Летом 1859 г. Огарев сблизился с «женщиной улицы» Мэри Сазерленд, простой англичанкой. Ей было тогда около 27 лет, Огареву – 46. Н. А. Тучкова писала, что Огарев «встретился с ней в одном из лондонских кабачков, он был не совсем трезвый, познакомился с ней и не имел силы прервать эту ненужную близость, потом привык и подчинился». С ее точки зрения близость была «ненужной», но сам Огарев писал: «Наконец, я нашел опять то теплое, благородное и чистое существо, которое я знал прежде. Все усилия употреблю поддержать, поставить на настоящую высоту, на наш уровень – и надеюсь, может быть, и верю?»[143].

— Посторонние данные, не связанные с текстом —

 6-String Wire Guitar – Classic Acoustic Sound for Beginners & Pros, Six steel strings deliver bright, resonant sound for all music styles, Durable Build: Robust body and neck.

Стремясь разобраться в мотивах, которые влекли его к этой женщине, а ее – к нему, он так излагал свои соображения в письме к другу: «Дал ли я погибшему, но милому созданию моей нежностью повод к дружелюбному чувству, моим обращением с ней и с ее ребенком, которого она раз привозила мне показать, или дал ей этим повод думать, что я как-нибудь да пристрою ее с ребенком, и она ухватилась за эту доску спасения, – я и сам не разберу. Знаю только, что мне и страшно, и больно, и хорошо, и стыдно. Между тем мы стали видеться почти ежедневно; это сделалось для меня какой-то горько-сладкой необходимостью… Как тут быть? Что тут делать? Черт знает! Ум мешается. Сон нейдет. Бывают страшно тяжелые минуты»[144].